In your reply, write out the records exactly, each line intact.
──────── EXTRACTED INFORMATION ────────
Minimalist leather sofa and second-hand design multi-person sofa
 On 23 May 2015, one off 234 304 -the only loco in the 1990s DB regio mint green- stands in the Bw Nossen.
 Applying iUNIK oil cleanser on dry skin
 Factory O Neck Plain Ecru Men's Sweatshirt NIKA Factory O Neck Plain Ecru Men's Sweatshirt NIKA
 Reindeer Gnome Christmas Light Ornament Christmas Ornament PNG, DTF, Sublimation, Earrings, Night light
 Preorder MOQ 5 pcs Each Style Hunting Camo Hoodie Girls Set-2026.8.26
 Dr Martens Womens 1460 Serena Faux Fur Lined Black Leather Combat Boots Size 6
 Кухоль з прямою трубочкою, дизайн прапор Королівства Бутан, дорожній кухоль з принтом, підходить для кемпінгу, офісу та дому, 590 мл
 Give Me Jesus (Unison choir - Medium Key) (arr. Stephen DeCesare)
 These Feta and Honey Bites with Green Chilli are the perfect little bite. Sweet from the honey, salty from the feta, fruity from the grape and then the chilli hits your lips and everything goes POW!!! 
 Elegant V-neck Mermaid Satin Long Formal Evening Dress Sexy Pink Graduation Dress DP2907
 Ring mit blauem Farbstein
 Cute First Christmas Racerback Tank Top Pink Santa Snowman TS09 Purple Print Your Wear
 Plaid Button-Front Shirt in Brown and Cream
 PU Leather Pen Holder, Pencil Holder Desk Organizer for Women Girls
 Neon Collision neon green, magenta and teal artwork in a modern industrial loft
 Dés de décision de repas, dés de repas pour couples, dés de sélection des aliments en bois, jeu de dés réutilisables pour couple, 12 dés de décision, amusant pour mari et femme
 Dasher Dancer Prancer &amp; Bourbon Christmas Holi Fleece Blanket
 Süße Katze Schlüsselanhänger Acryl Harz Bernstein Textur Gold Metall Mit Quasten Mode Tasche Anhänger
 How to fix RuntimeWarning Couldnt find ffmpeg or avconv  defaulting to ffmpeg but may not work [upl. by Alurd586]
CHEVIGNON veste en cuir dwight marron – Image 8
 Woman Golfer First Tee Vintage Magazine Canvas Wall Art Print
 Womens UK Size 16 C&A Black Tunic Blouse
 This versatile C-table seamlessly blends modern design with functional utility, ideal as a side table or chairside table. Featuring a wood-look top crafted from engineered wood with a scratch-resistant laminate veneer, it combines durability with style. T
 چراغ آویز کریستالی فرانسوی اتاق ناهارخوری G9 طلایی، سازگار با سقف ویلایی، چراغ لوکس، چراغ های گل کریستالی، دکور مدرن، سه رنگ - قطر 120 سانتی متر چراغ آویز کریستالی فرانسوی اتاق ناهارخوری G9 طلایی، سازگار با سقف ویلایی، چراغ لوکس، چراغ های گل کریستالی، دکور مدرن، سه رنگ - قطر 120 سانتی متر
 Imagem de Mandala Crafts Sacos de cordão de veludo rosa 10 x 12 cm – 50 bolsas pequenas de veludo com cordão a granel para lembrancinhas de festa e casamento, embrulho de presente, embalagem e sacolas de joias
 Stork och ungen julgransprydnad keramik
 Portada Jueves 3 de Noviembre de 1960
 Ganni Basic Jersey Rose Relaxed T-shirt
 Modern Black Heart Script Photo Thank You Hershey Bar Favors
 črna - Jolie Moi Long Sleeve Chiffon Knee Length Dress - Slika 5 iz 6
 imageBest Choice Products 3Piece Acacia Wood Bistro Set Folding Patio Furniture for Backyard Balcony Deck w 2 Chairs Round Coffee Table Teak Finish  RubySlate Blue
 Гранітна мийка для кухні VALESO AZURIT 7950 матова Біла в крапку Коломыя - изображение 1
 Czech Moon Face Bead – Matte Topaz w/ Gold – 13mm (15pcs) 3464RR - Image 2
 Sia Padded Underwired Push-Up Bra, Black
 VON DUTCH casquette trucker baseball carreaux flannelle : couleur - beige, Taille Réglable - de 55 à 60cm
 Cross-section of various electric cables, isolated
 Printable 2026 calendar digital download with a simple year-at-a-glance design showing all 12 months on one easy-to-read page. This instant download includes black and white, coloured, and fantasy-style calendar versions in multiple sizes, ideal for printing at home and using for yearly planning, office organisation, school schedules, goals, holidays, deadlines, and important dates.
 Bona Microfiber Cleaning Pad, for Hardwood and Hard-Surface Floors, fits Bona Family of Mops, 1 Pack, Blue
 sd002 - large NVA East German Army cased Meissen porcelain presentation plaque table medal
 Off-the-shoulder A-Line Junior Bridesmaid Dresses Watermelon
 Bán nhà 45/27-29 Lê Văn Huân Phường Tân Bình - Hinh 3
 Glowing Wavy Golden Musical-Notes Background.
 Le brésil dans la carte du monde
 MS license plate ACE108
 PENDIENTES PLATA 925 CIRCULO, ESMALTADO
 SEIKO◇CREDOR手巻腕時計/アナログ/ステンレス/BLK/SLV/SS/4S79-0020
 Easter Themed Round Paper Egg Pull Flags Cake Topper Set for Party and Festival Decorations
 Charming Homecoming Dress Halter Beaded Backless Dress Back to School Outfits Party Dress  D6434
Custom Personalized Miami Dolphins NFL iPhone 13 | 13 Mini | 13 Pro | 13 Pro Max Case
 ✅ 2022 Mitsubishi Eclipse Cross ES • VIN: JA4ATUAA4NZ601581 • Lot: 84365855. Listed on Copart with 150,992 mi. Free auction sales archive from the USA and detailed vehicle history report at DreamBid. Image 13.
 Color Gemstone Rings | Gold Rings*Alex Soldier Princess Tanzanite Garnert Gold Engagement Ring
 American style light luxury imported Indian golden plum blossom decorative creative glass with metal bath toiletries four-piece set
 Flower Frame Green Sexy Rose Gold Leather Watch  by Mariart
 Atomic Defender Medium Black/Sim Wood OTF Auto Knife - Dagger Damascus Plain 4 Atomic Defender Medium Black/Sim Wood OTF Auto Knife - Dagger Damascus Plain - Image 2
────────
### RESULT
Minimalist leather sofa and second-hand design multi-person sofa
 On 23 May 2015, one off 234 304 -the only loco in the 1990s DB regio mint green- stands in the Bw Nossen.
 Applying iUNIK oil cleanser on dry skin
 Factory O Neck Plain Ecru Men's Sweatshirt NIKA Factory O Neck Plain Ecru Men's Sweatshirt NIKA
 Reindeer Gnome Christmas Light Ornament Christmas Ornament PNG, DTF, Sublimation, Earrings, Night light
 Preorder MOQ 5 pcs Each Style Hunting Camo Hoodie Girls Set-2026.8.26
 Dr Martens Womens 1460 Serena Faux Fur Lined Black Leather Combat Boots Size 6
 Кухоль з прямою трубочкою, дизайн прапор Королівства Бутан, дорожній кухоль з принтом, підходить для кемпінгу, офісу та дому, 590 мл
 Give Me Jesus (Unison choir - Medium Key) (arr. Stephen DeCesare)
 These Feta and Honey Bites with Green Chilli are the perfect little bite. Sweet from the honey, salty from the feta, fruity from the grape and then the chilli hits your lips and everything goes POW!!! 
 Elegant V-neck Mermaid Satin Long Formal Evening Dress Sexy Pink Graduation Dress DP2907
 Ring mit blauem Farbstein
 Cute First Christmas Racerback Tank Top Pink Santa Snowman TS09 Purple Print Your Wear
 Plaid Button-Front Shirt in Brown and Cream
 PU Leather Pen Holder, Pencil Holder Desk Organizer for Women Girls
 Neon Collision neon green, magenta and teal artwork in a modern industrial loft
 Dés de décision de repas, dés de repas pour couples, dés de sélection des aliments en bois, jeu de dés réutilisables pour couple, 12 dés de décision, amusant pour mari et femme
 Dasher Dancer Prancer &amp; Bourbon Christmas Holi Fleece Blanket
 Süße Katze Schlüsselanhänger Acryl Harz Bernstein Textur Gold Metall Mit Quasten Mode Tasche Anhänger
 How to fix RuntimeWarning Couldnt find ffmpeg or avconv  defaulting to ffmpeg but may not work [upl. by Alurd586]
CHEVIGNON veste en cuir dwight marron – Image 8
 Woman Golfer First Tee Vintage Magazine Canvas Wall Art Print
 Womens UK Size 16 C&A Black Tunic Blouse
 This versatile C-table seamlessly blends modern design with functional utility, ideal as a side table or chairside table. Featuring a wood-look top crafted from engineered wood with a scratch-resistant laminate veneer, it combines durability with style. T
 چراغ آویز کریستالی فرانسوی اتاق ناهارخوری G9 طلایی، سازگار با سقف ویلایی، چراغ لوکس، چراغ های گل کریستالی، دکور مدرن، سه رنگ - قطر 120 سانتی متر چراغ آویز کریستالی فرانسوی اتاق ناهارخوری G9 طلایی، سازگار با سقف ویلایی، چراغ لوکس، چراغ های گل کریستالی، دکور مدرن، سه رنگ - قطر 120 سانتی متر
 Imagem de Mandala Crafts Sacos de cordão de veludo rosa 10 x 12 cm – 50 bolsas pequenas de veludo com cordão a granel para lembrancinhas de festa e casamento, embrulho de presente, embalagem e sacolas de joias
 Stork och ungen julgransprydnad keramik
 Portada Jueves 3 de Noviembre de 1960
 Ganni Basic Jersey Rose Relaxed T-shirt
 Modern Black Heart Script Photo Thank You Hershey Bar Favors
 črna - Jolie Moi Long Sleeve Chiffon Knee Length Dress - Slika 5 iz 6
 imageBest Choice Products 3Piece Acacia Wood Bistro Set Folding Patio Furniture for Backyard Balcony Deck w 2 Chairs Round Coffee Table Teak Finish  RubySlate Blue
 Гранітна мийка для кухні VALESO AZURIT 7950 матова Біла в крапку Коломыя - изображение 1
 Czech Moon Face Bead – Matte Topaz w/ Gold – 13mm (15pcs) 3464RR - Image 2
 Sia Padded Underwired Push-Up Bra, Black
 VON DUTCH casquette trucker baseball carreaux flannelle : couleur - beige, Taille Réglable - de 55 à 60cm
 Cross-section of various electric cables, isolated
 Printable 2026 calendar digital download with a simple year-at-a-glance design showing all 12 months on one easy-to-read page. This instant download includes black and white, coloured, and fantasy-style calendar versions in multiple sizes, ideal for printing at home and using for yearly planning, office organisation, school schedules, goals, holidays, deadlines, and important dates.
 Bona Microfiber Cleaning Pad, for Hardwood and Hard-Surface Floors, fits Bona Family of Mops, 1 Pack, Blue
 sd002 - large NVA East German Army cased Meissen porcelain presentation plaque table medal
 Off-the-shoulder A-Line Junior Bridesmaid Dresses Watermelon
 Bán nhà 45/27-29 Lê Văn Huân Phường Tân Bình - Hinh 3
 Glowing Wavy Golden Musical-Notes Background.
 Le brésil dans la carte du monde
 MS license plate ACE108
 PENDIENTES PLATA 925 CIRCULO, ESMALTADO
 SEIKO◇CREDOR手巻腕時計/アナログ/ステンレス/BLK/SLV/SS/4S79-0020
 Easter Themed Round Paper Egg Pull Flags Cake Topper Set for Party and Festival Decorations
 Charming Homecoming Dress Halter Beaded Backless Dress Back to School Outfits Party Dress  D6434
Custom Personalized Miami Dolphins NFL iPhone 13 | 13 Mini | 13 Pro | 13 Pro Max Case
 ✅ 2022 Mitsubishi Eclipse Cross ES • VIN: JA4ATUAA4NZ601581 • Lot: 84365855. Listed on Copart with 150,992 mi. Free auction sales archive from the USA and detailed vehicle history report at DreamBid. Image 13.
 Color Gemstone Rings | Gold Rings*Alex Soldier Princess Tanzanite Garnert Gold Engagement Ring
 American style light luxury imported Indian golden plum blossom decorative creative glass with metal bath toiletries four-piece set
 Flower Frame Green Sexy Rose Gold Leather Watch  by Mariart
 Atomic Defender Medium Black/Sim Wood OTF Auto Knife - Dagger Damascus Plain 4 Atomic Defender Medium Black/Sim Wood OTF Auto Knife - Dagger Damascus Plain - Image 2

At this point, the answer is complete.